La déclaration de politique générale
de Di Rupo vue de l'angle
du "droit social" - 1ère Partie

Le 21 novembre 2012 le Premier Ministre Di Rupo
a présenté la Déclaration de Politique Générale du gouvernement fédéral au parlement fédéral.

Comme déjà mentionné dans le bulletin d’information précédent, d’un point de vue du droit social, quatre éléments de la Déclaration de Politique Générale attirent l’attention: 1) augmenter la compétitivité de nos entreprises par l’élimination de l’écart salarial avec nos pays voisins; 2) encore augmenter la compétitivité de nos entreprises par une réduction des charges sociales; 3) augmenter les opportunités d’emploi des jeunes travailleurs et des travailleurs âgés; 4) stimuler la formation continuelle des travailleurs. Dans le bulletin d’information précédent nous nous concentrions sur l’élimination de l’écart salarial avec nos pays voisins. Les trois autres points d’attention sont traités dans ce bulletin d’information.

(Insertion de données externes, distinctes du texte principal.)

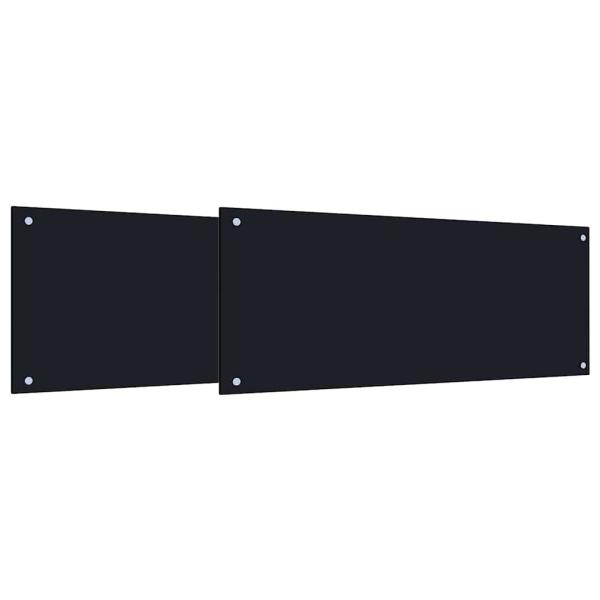 Küchenrückwand 2 pcs Schwarz 100 x 40 cm Gehärtetes Glas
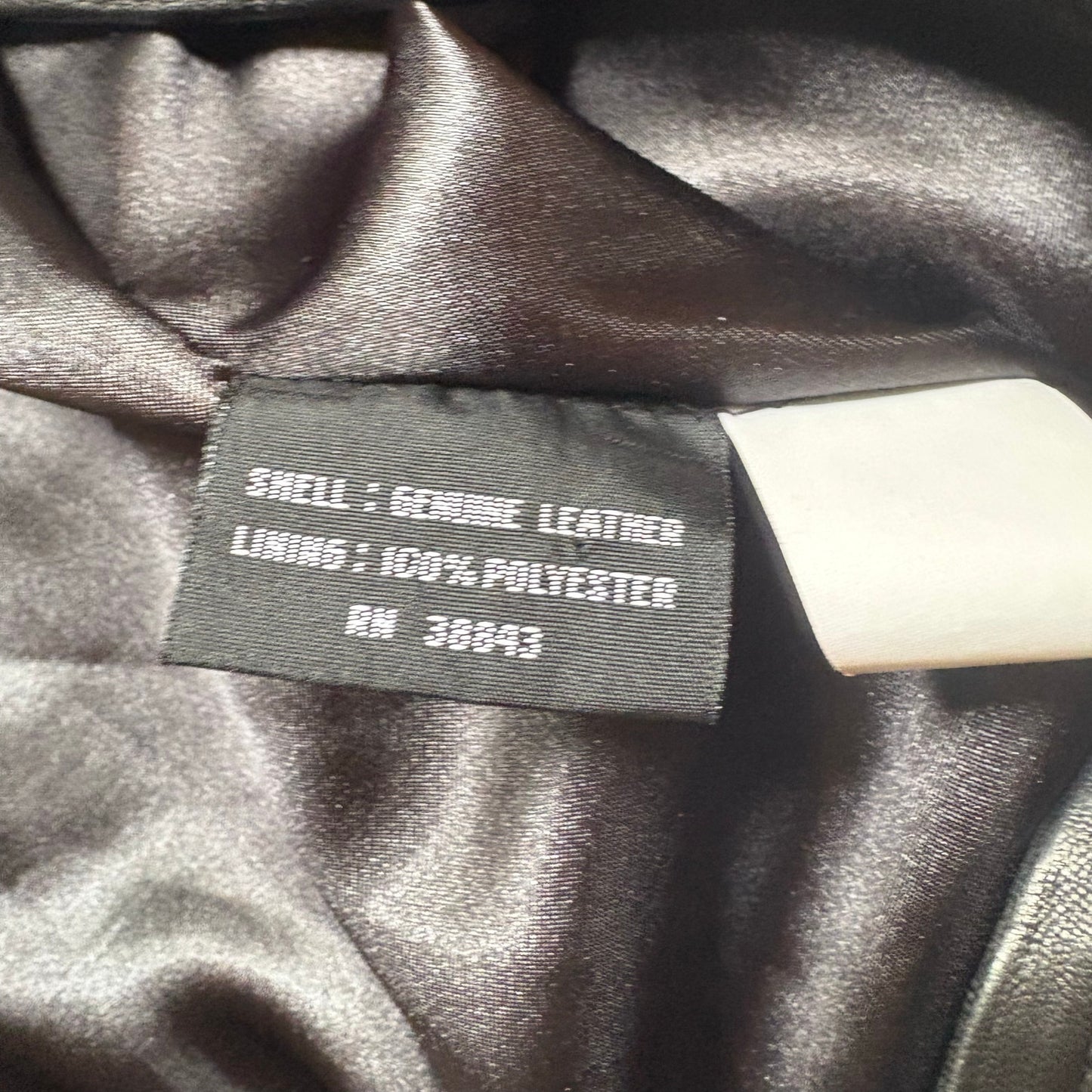 IZZI Collections black leather full zip collar bomber jacket SIZE L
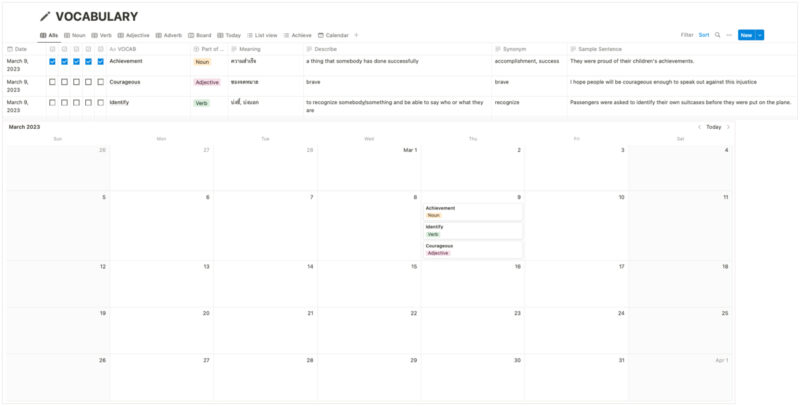 Learning new vocabulary words with Vocabulary template.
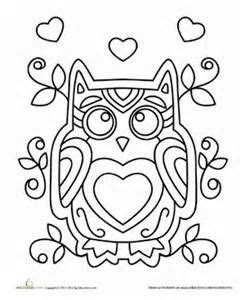 valentine owl valentines day coloring page owl coloring pages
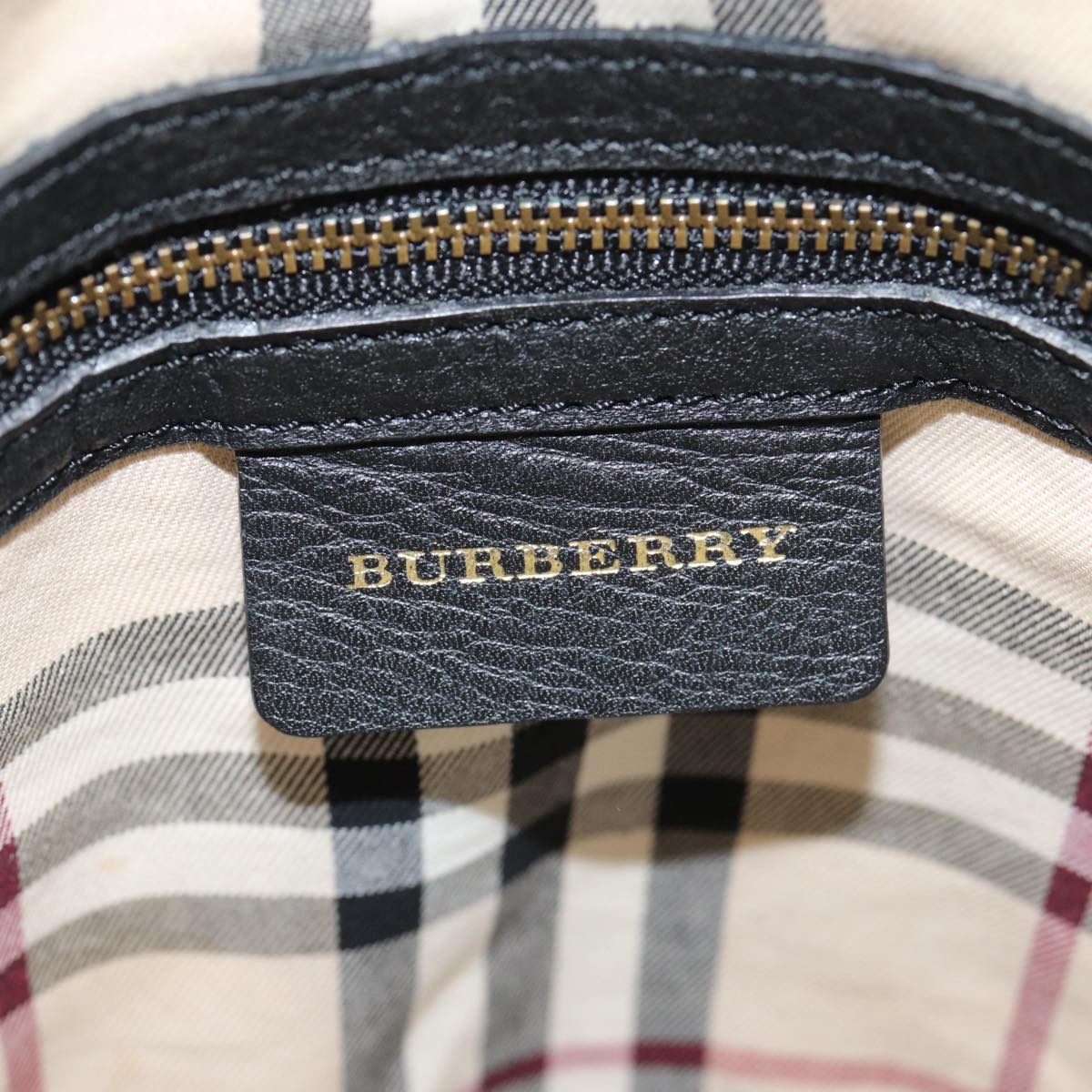 BURBERRY Shoulder Bag Leather Black Gold Auth bs17314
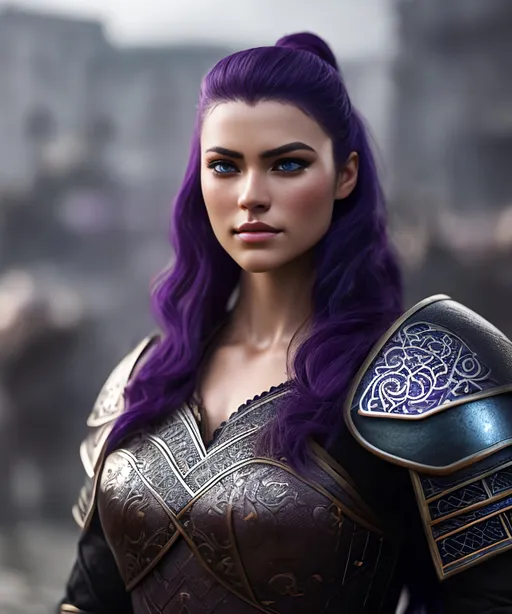 Prompt: she has dark purple hair, create most beautiful fictional female viking warrior, dark purple hair, light blue eyes, battle gear, full armor, extremely detailed environment, detailed background, intricate, detailed skin, professionally color graded, photorealism, 8k, moody lighting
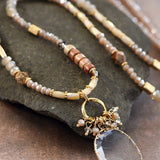 Mixed Stone Bead Necklace with Crystal Pendant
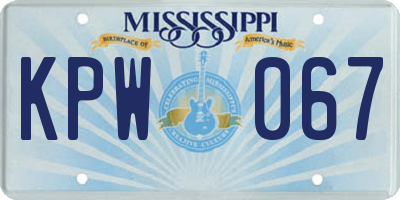 MS license plate KPW067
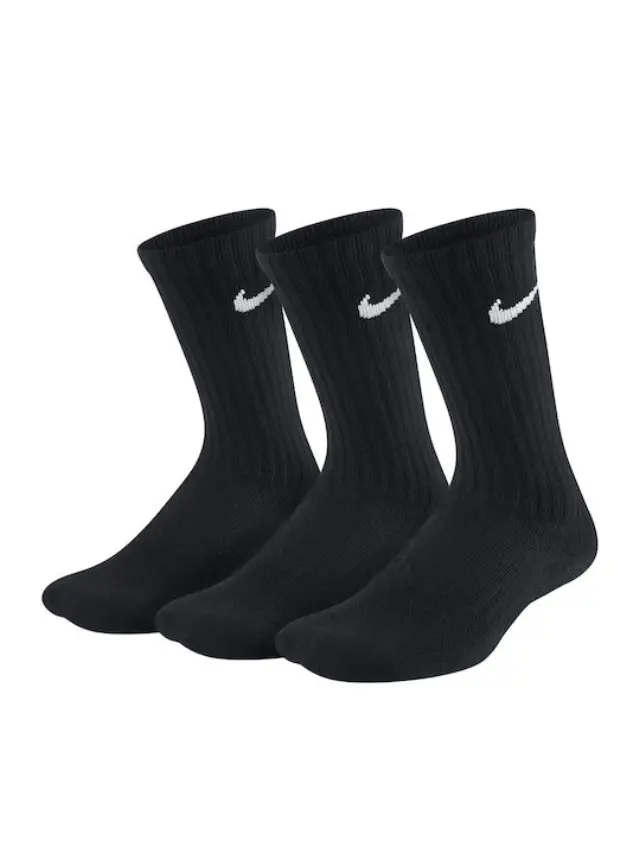 Nike Performance Cushioned Crew Αθλητικές Παιδικές Κάλτσες Μαύρες 3 Ζευγάρια SX6842-010 - M
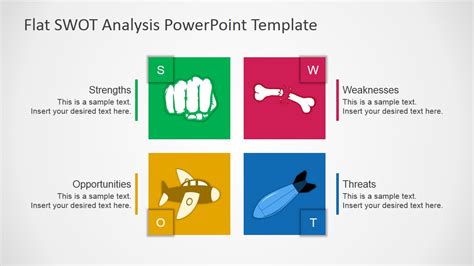 Free Flat SWOT Analysis Presentation Template SlideModel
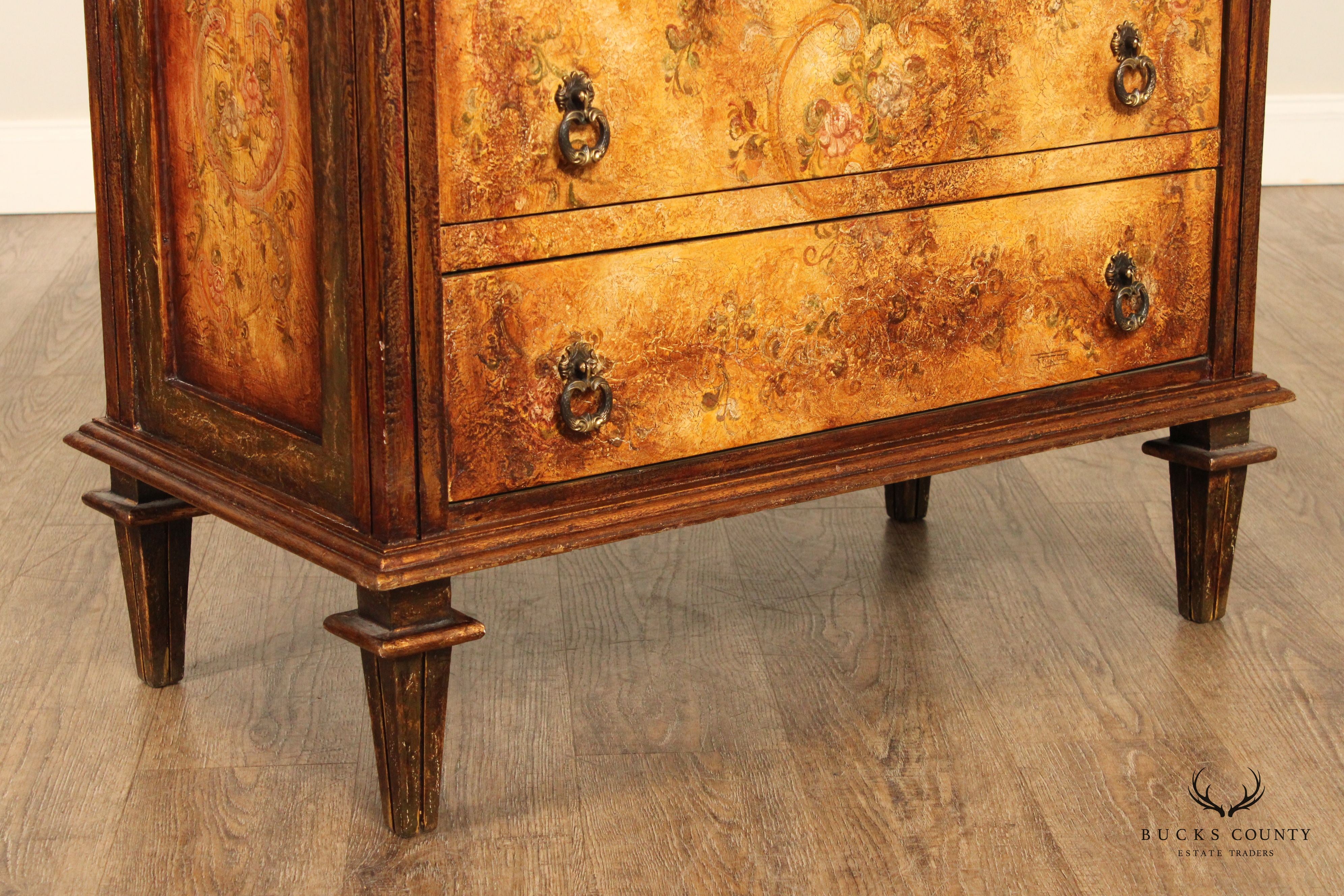 Peter Andrews Italian Neoclassical Style Distressed Finish Chest of Drawers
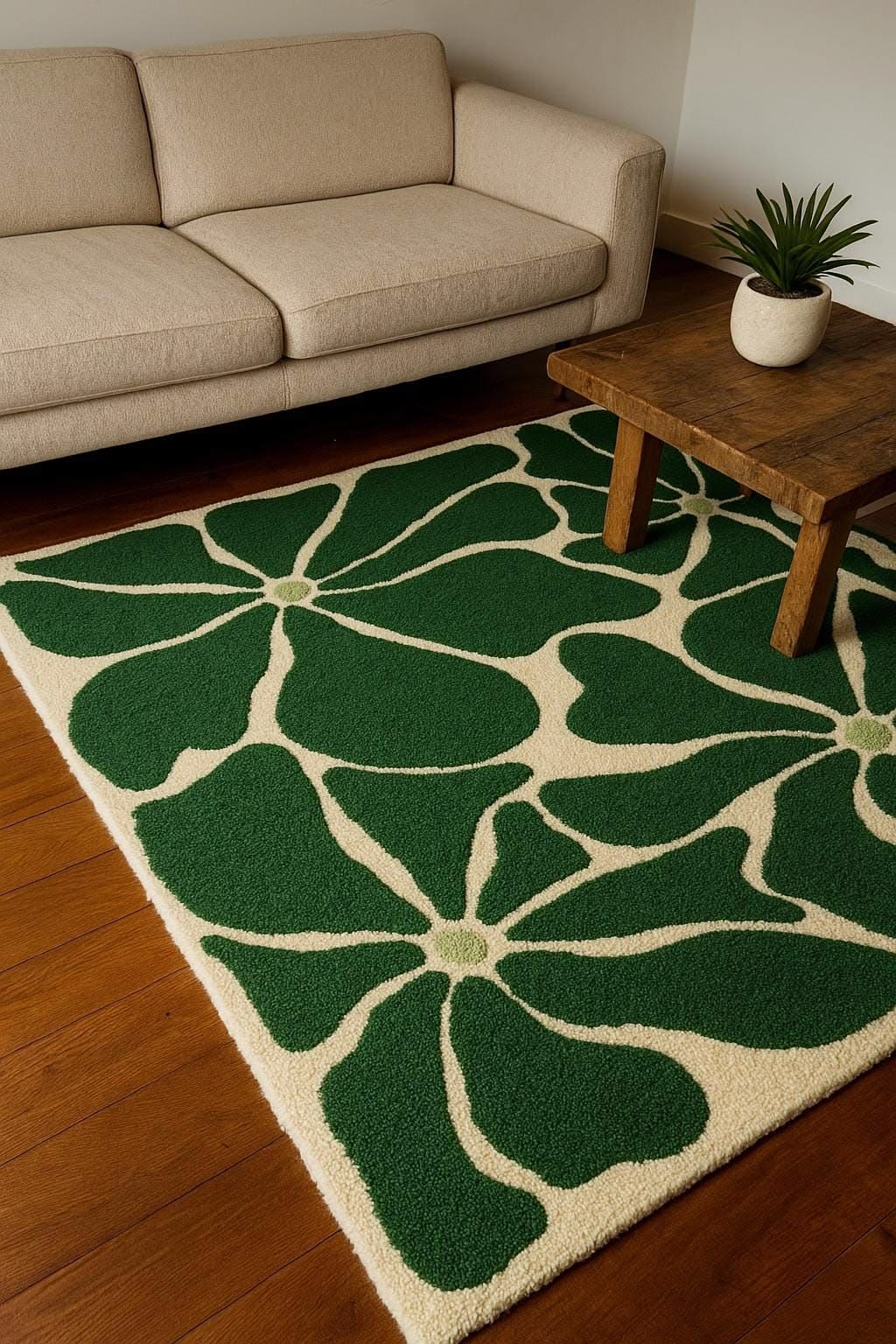 beige green rug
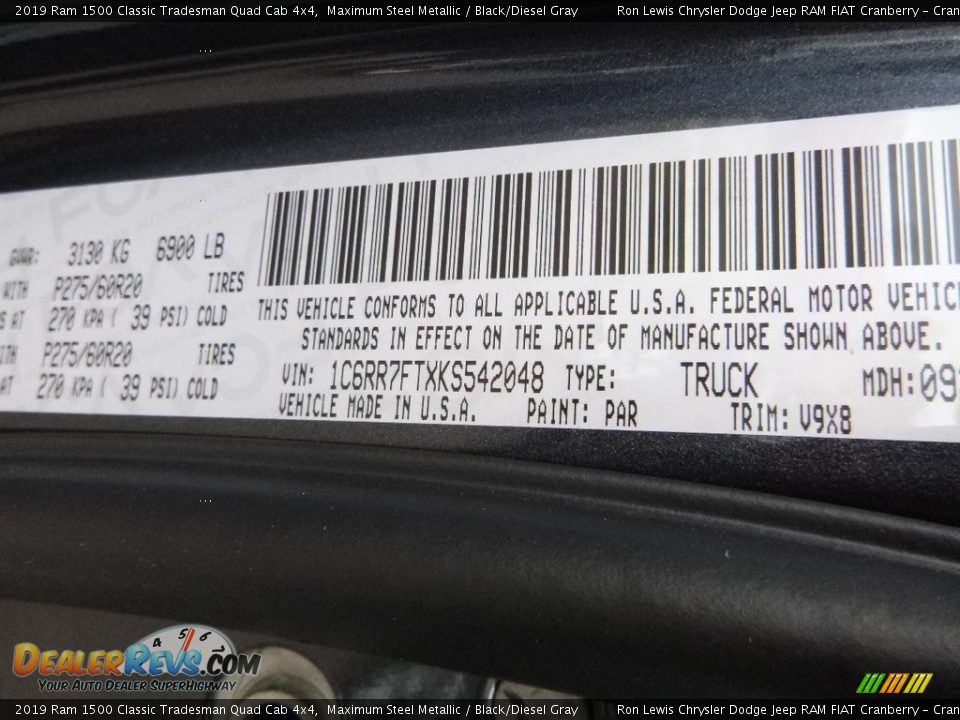 2019 Ram 1500 Classic Tradesman Quad Cab 4x4 Maximum Steel Metallic / Black/Diesel Gray Photo #14
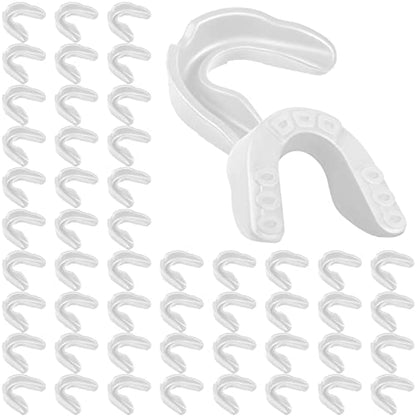 Frienda 50 Pcs Football Mouth Guards Bulk Youth Football Mouthpiece Sports Athletic Mouthguard Teeth Guard for Hockey Karate Basketball Boxing Lacrosse Rugby - color: White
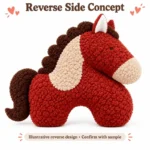 Rust Curly Texture Horse Plush Pillow — reverse construction concept.
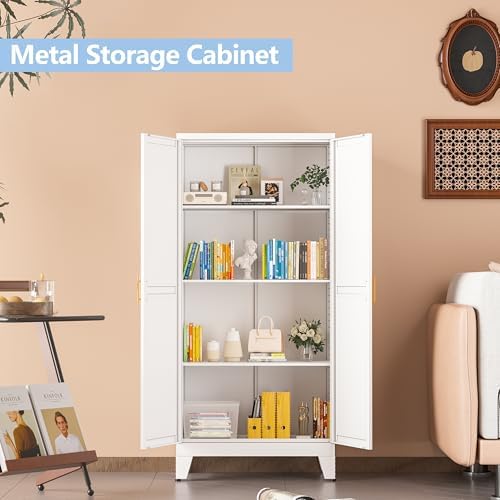 White Kitchen Pantry Cabinets, 48" Metal Storage Cabinet for Office - Image 4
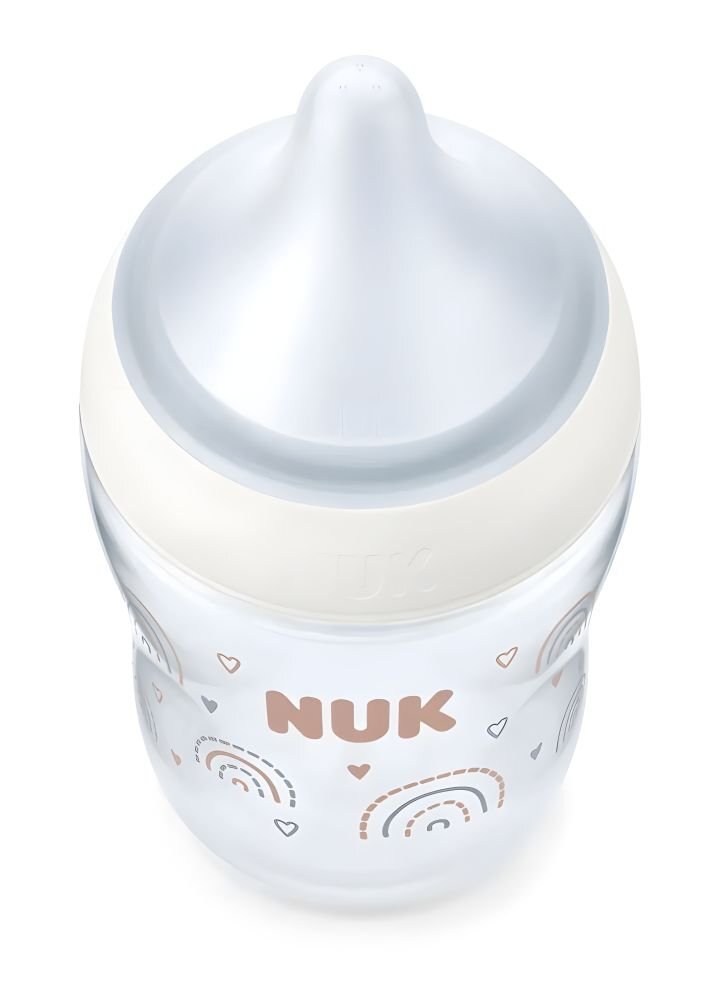 NUK Biberon Perfect Match din sticla 230 ml control temperatura tetina silicon M Curcubeu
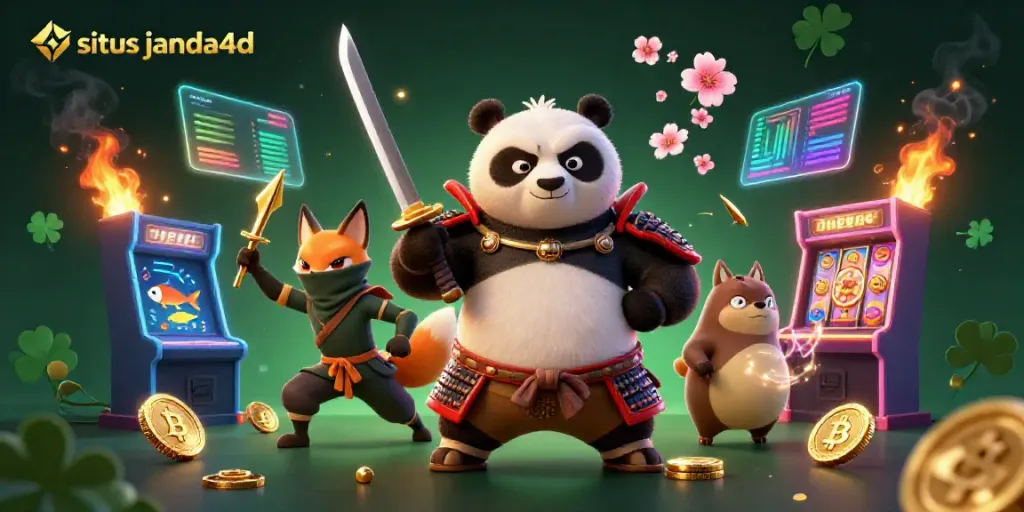 Gambarkan aksi menarik di situs janda4d dengan panda samurai dan fox ninja di latar belakang kasino.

Quant à la réduction des charges sociales, il apparaît que les PMEs en bénéficieront en premier lieu : des réductions de cotisations sont déjà prévues pour les trois premiers engagements ; on a l’intention d’augmenter ces réductions d’une telle manière que certains employeurs ne seront presque plus redevables des cotisations de sécurité sociale pour les travailleurs gagnant des salaires bas ou modérés, et ce pendant les deux premières années. Des cotisations réduites restent applicables pendant la troisième année.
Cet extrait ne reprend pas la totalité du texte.